The Rose And Crown Inn

WRENN ID
low-merlon-marsh
Grade
II
Local Planning Authority
Folkestone and Hythe
Country
England
Date first listed
29 December 1966
Type
Inn
Source
Historic England listing

Description

The Rose and Crown Inn

A coaching inn on the east side of Elham High Street, this is a complex timber-framed building of multiple periods. The left end dates to the 15th or early 16th century and was largely rebuilt in the 17th century. The right end was added or substantially rebuilt around 1740. Early 19th-century alterations and fenestration changes have affected the overall appearance.

The building presents two storeys on a brick plinth. The left end bay has exposed timber framing with painted brick infilling. The remainder is rendered, probably over brick, with channelled render to the right return. The roof is of plain tiles. The facade of the left section appears subdivided by principal posts into three short timber-framed bays (one bay internally) in "square" framing with two panels per storey. The former open hall, cross-wing, and right section have a rendered plat band, eaves band, and parapet, which steps up in front of a stack. The hipped roof has hips returning to the rear with lower ridges.

The fenestration is irregular. There are eight un-paned sashes with narrow top, bottom, and margin lights on the upper floor: one towards the centre of the left section and seven irregularly spaced to the rest (one under, one to the left, and five to the right of the left-central stack). Nine similar windows appear on the ground floor, with one small three-light casement also present. Double doors of three flush panels with a shallow swept and consoled hood sit under the left-central stack. A half-glazed door with a flat bracketed hood is positioned towards the centre of the left section.

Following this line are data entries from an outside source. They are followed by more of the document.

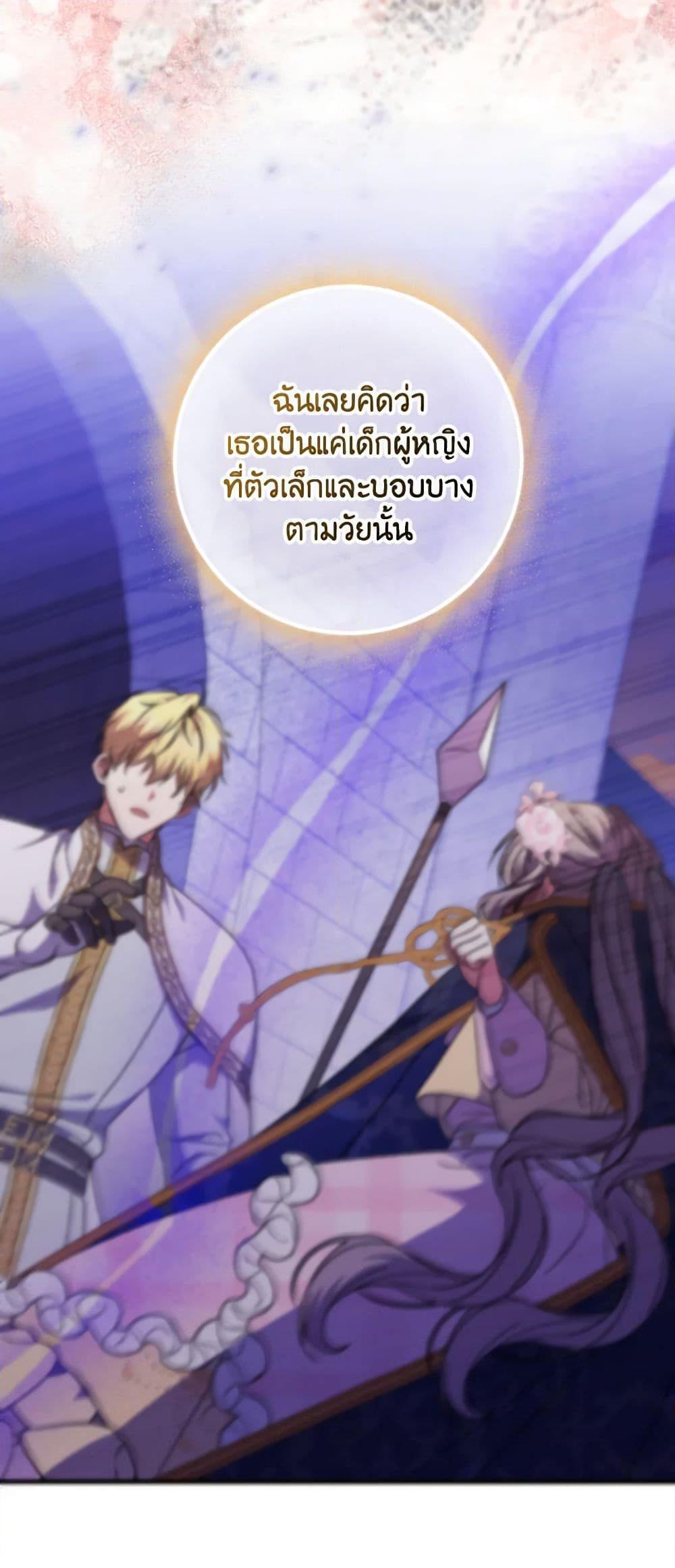 A Saint Who Was Adopted by the Grand Duke ตอนที่ 45 37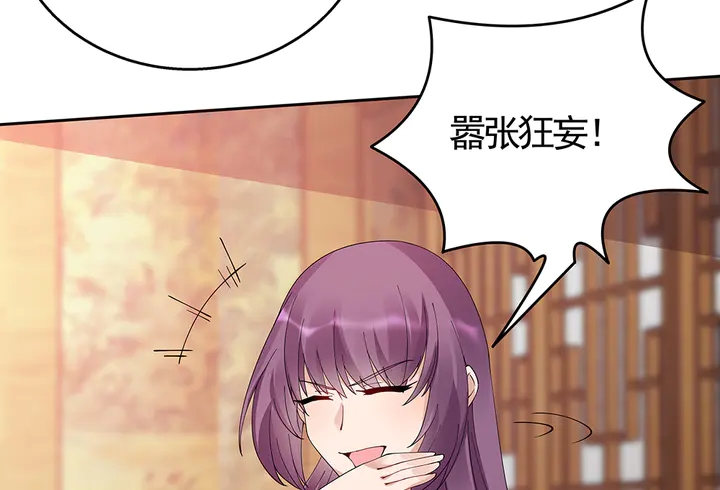 第69话 当面说坏话71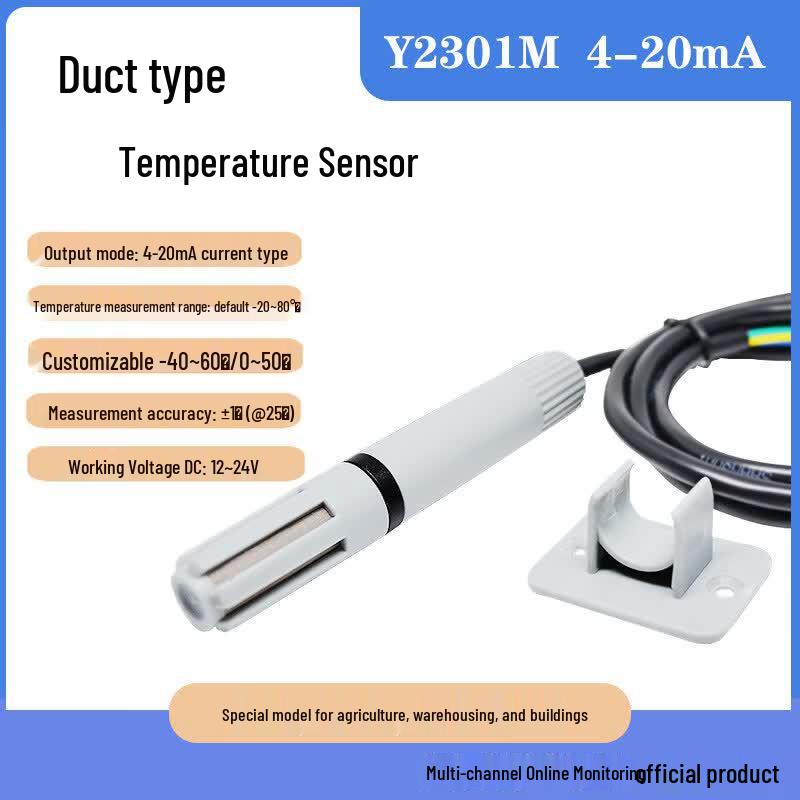 Y2301M Temperature & Humidity Sensor Transmitter
Y2301M Temperature & Humidity Sensor Transmitter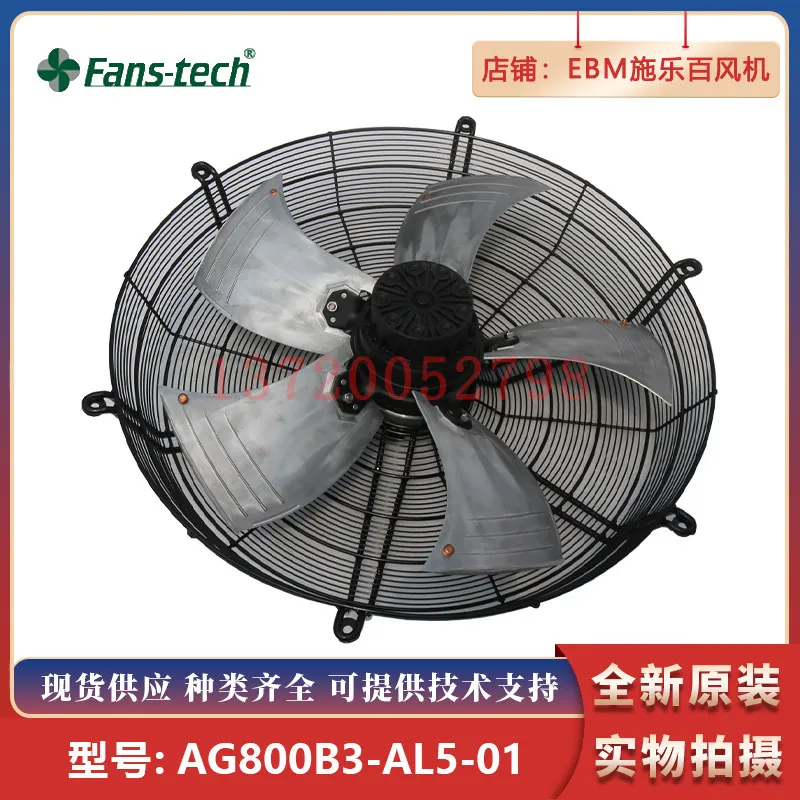 Фото Вентилятор AG800B3-AL5-01 от Fans-Tech Panstar, осевой уличный вентилятор, промышленный вентилятор для прецизионных кондиционеров №4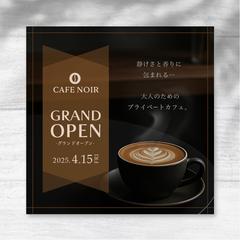 CAFE NOIR　グランドオープン告知バナー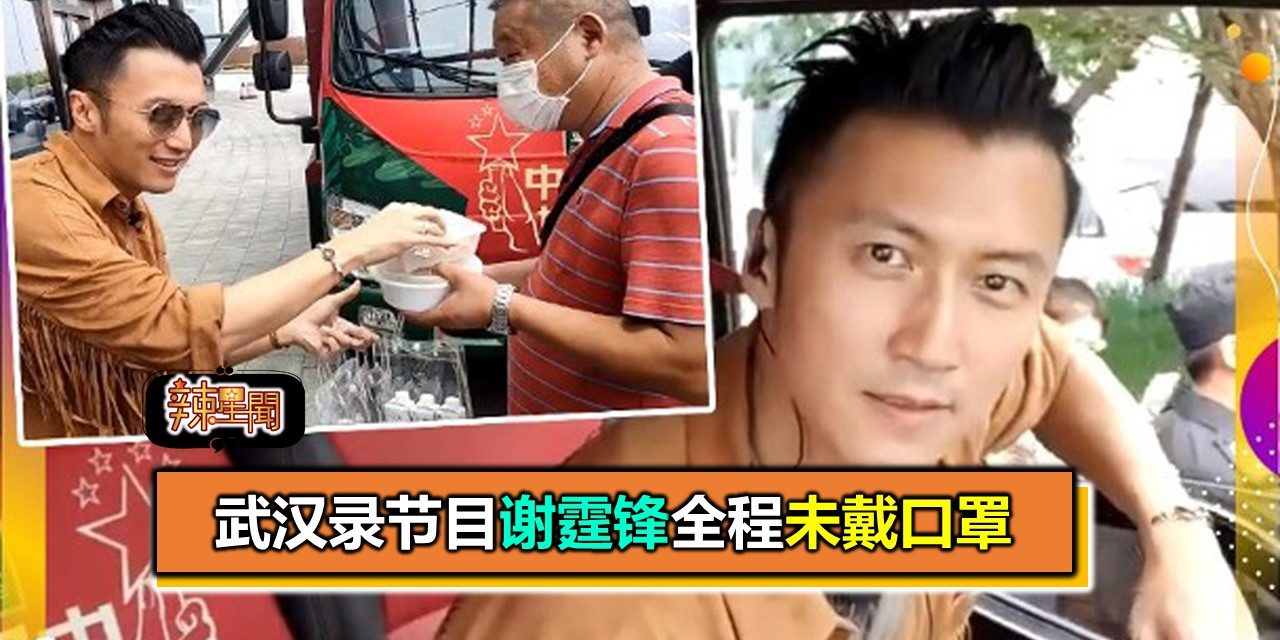 武汉录节目谢霆锋全程未戴口罩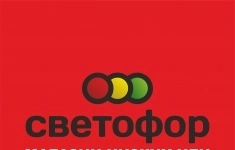 Продавец-кассир (дер. Кисельня) картинка из объявления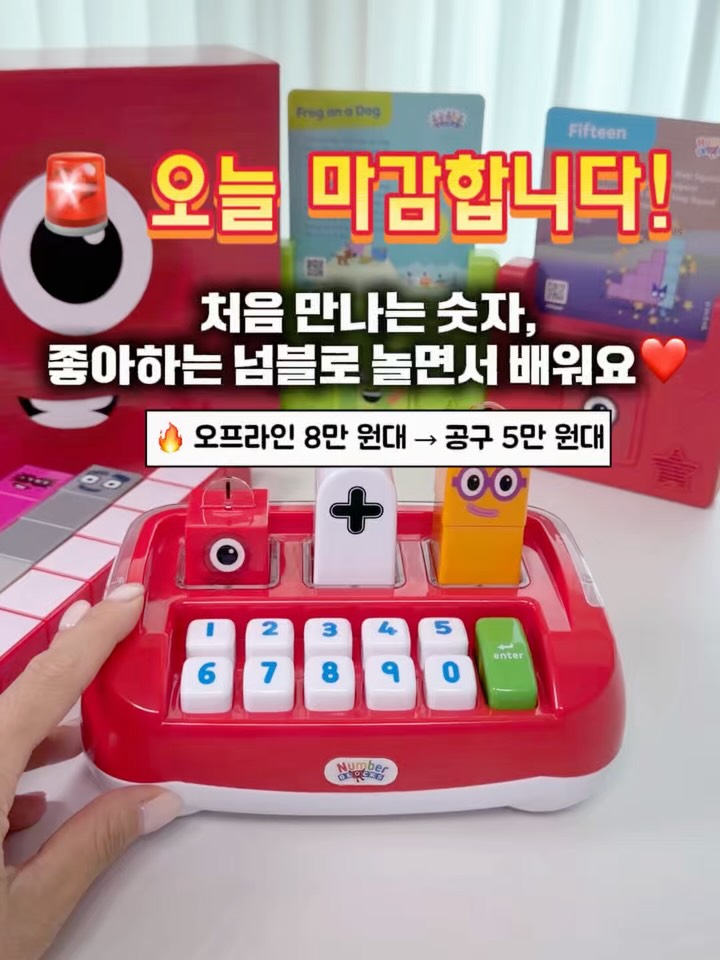 스마트블록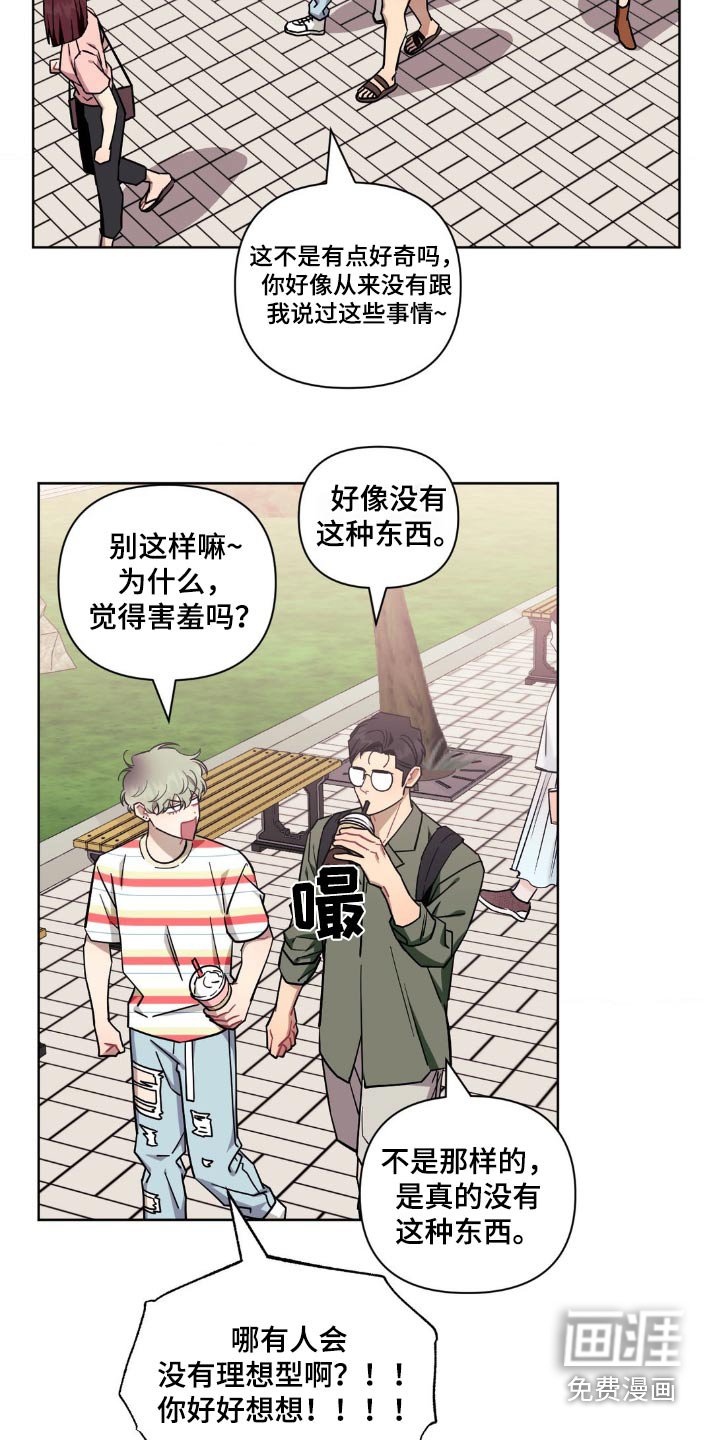 第137章：【第二季】理想型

Four rendered stacks rise from the building: one to the rear on the left, one in the rear slope to the left of centre (in the former right hall bay), one ridge stack towards the centre (serving the right side of the cross-wing), and one projecting to the right gable end, with a further ridge stack towards the rear of the right wing.

The building's structural history is complex. It probably incorporated an open hall of two timber-framed bays originally. The hall and any storeyed left end bay were largely rebuilt in the 17th century, with their rear wall now almost flush with the rear gable end of the cross-wing. A cross-wing to the right of two timber-framed bays projects to the rear and incorporates an undershot cross-passage. The left return terminates in a short brick rear gable end with a hipped roof. A virtually flush two-storey section with matching eaves, presently flat-roofed, forms the rear elevation of the rest of the left section and former hall. The cross-wing's gable end is tile-hung on the first floor, with a roof hipped to the rear. A further brick gable end adjacent to the right, in line with the rear elevation of the left section, connects via a rear lean-to to a long rear right return wing, the left side of which is red and grey brick in header bond. A datestone to the right gable end records 1740.

Interior details, partially inspected, reveal considerable timber framing. The beam forming the left side of the cross-wing is hollow-chamfered to the right only and morticed for a large stud towards front and rear. A chamfered cross-beam set to the front of the centre of the cross-wing marks the division with the former hall. Broad close-set joists run across, with a pair towards the left side of the wing morticed for a partition (right side of the former cross-passage) with a pair of doorways flanking the cross-beam. To the right of these doorways, the cross-beam is morticed for a partition with a doorway to the right end of it. Later joists surround the stack in the right hall bay. A bevelled cross-beam sits to the left of the stack, and two chamfered axial beams and bevelled joists serve the former left hall bay. Bevelled axial joists appear in the left end bay.

Historical tradition states the building was constructed around 1514 and was licensed as an ale-house in 1540. The first floor of the central section is said to have served as a Court House in the late 17th and 18th centuries.